▶ [EXERCISE REQUIREMENTS]:
Starting with the line that contains "Joy Huerta y", repeat exactly every line through the last one in the records below, and leave out the pictures.
[ENTRIES SHOWN — start]
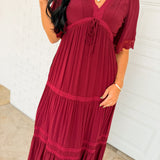 Lace Trim Front Tie Tiered Maxi Dress - Bordeaux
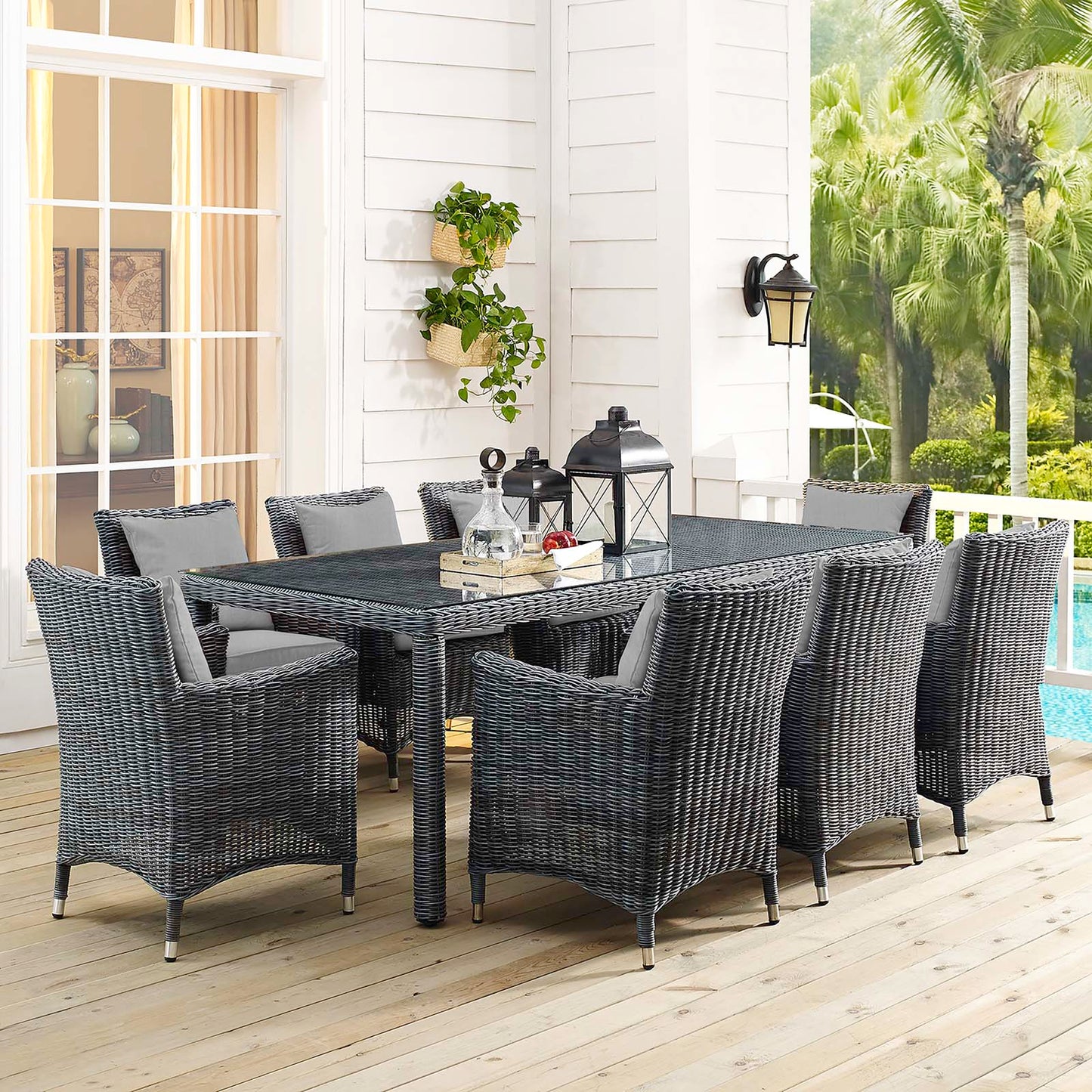 Summon 9 Piece Outdoor Patio Sunbrella® Dining Set By Modway - EEI-2331 | Outdoor Dining Sets | Modishstore - 8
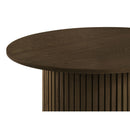  Coaster Furniture Hamlyn 706518-S3 3-piece Round Fluted Coffee and End Table Set - Walnut IMAGE 2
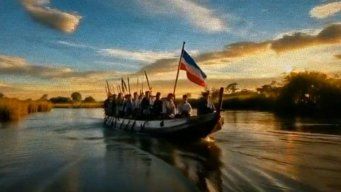 Recreación con IA del desembarco de los 33 Orientales con la bandera de Libertad o Muerte. Imagen: Presidencia de la República.
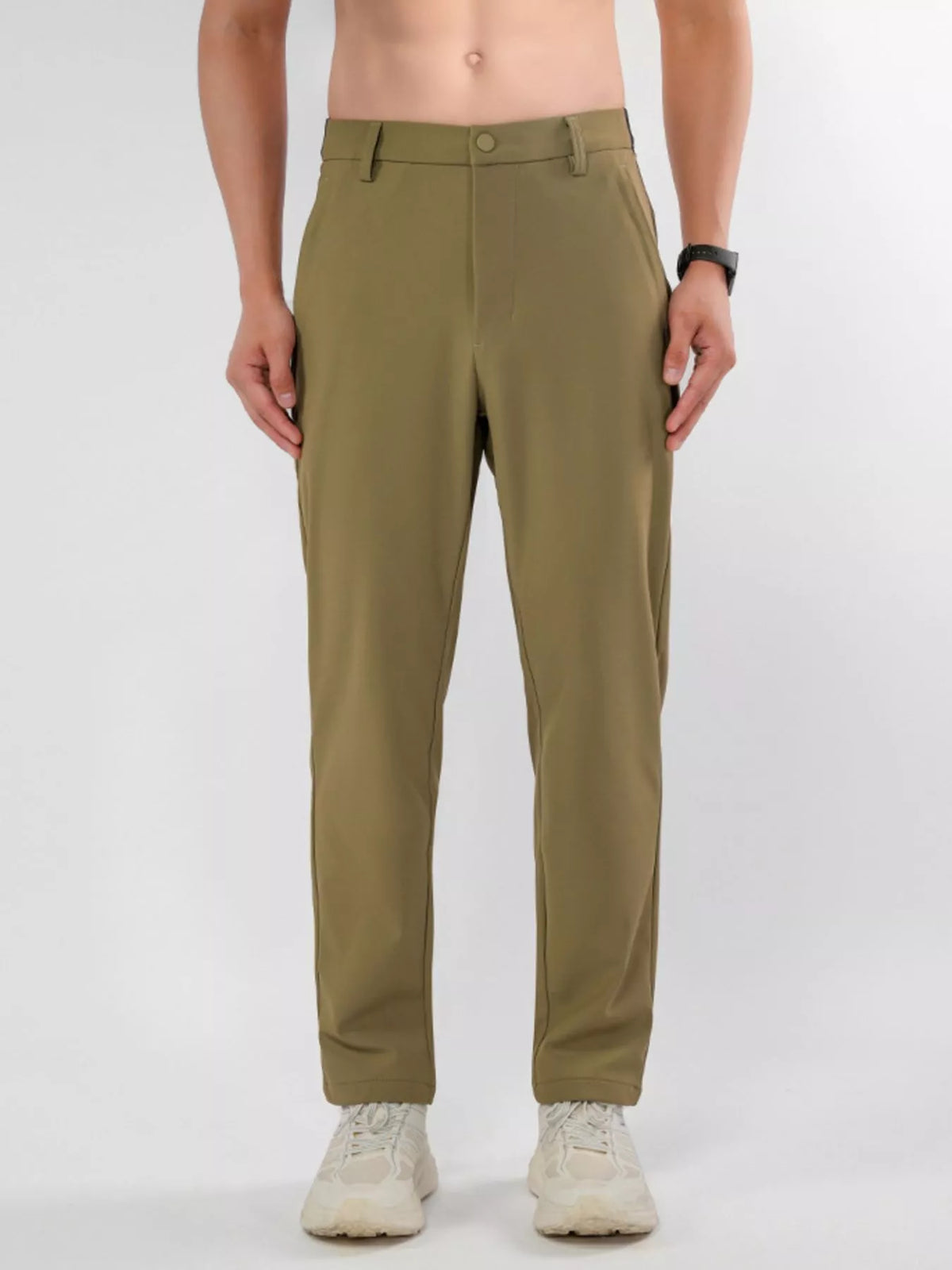 Men's Plus Size Slim Fit Stretch Casual Pants in Olive, view 2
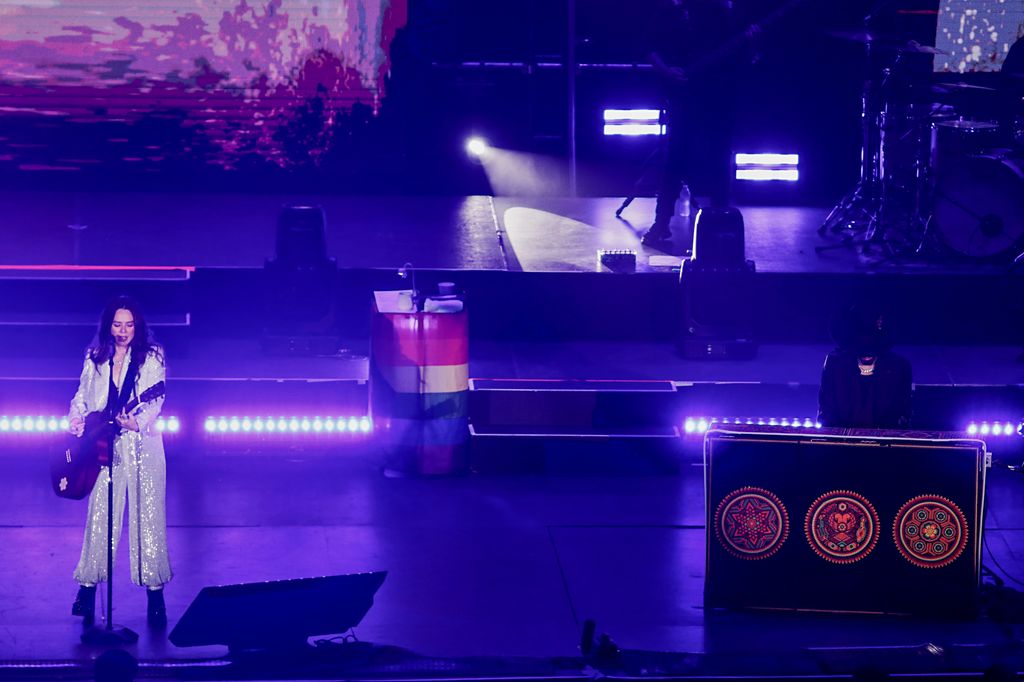 Joy Huerta y Jesse Huerta durante su último concierto en el Auditorio Nacional de la Ciudad de México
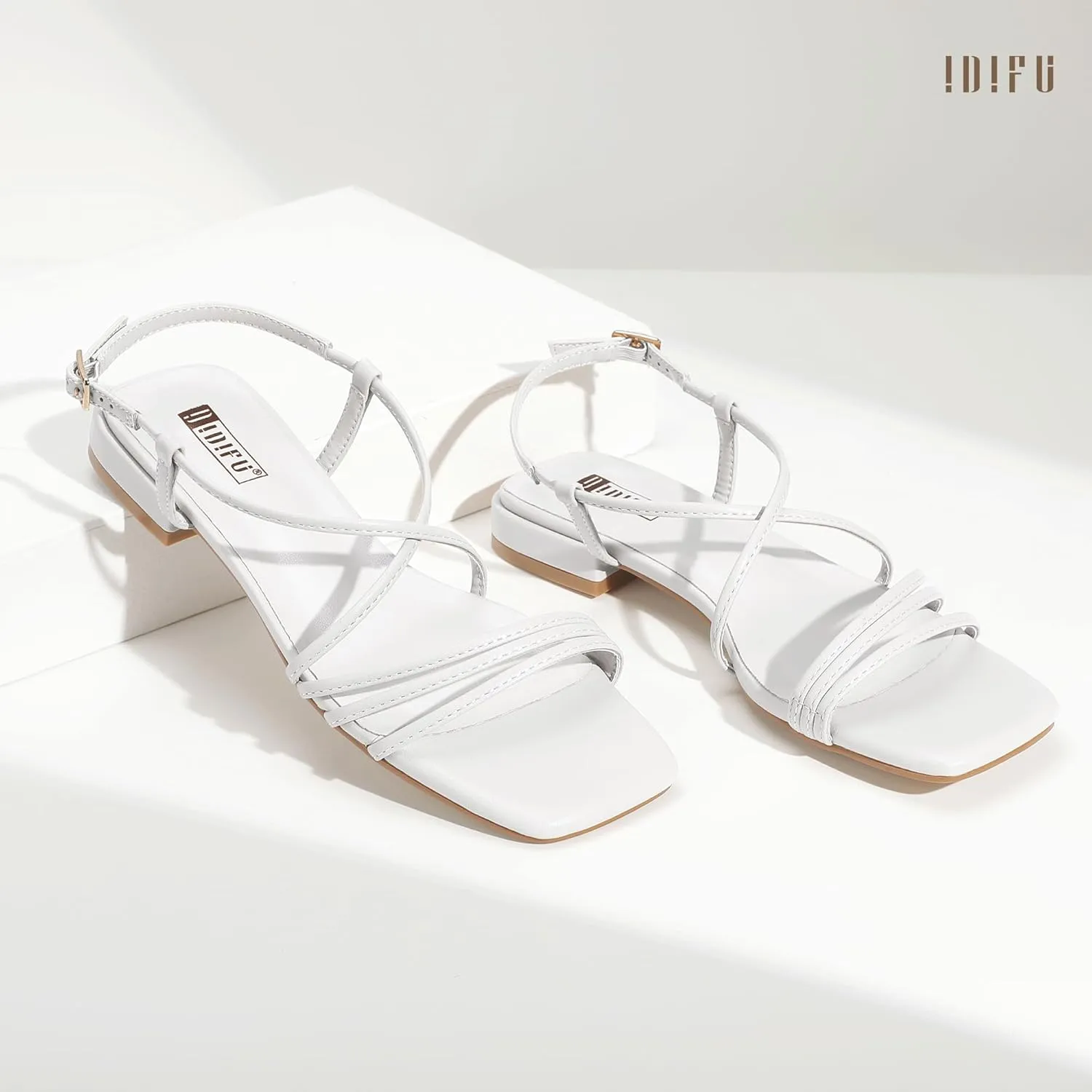 IDIFU Strappy Flat Sandals for Women Dressy Comfortable Square Open Toe Summer Beach Sandal Wedding Bridal Bride Prom Ladies Dress Sandal Fashion Cute Fancy Casual Ankle Strap Sandals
[ENTRIES SHOWN — finish]
▶ [RESPONSE AREA]:
 Joy Huerta y Jesse Huerta durante su último concierto en el Auditorio Nacional de la Ciudad de México
 IDIFU Strappy Flat Sandals for Women Dressy Comfortable Square Open Toe Summer Beach Sandal Wedding Bridal Bride Prom Ladies Dress Sandal Fashion Cute Fancy Casual Ankle Strap Sandals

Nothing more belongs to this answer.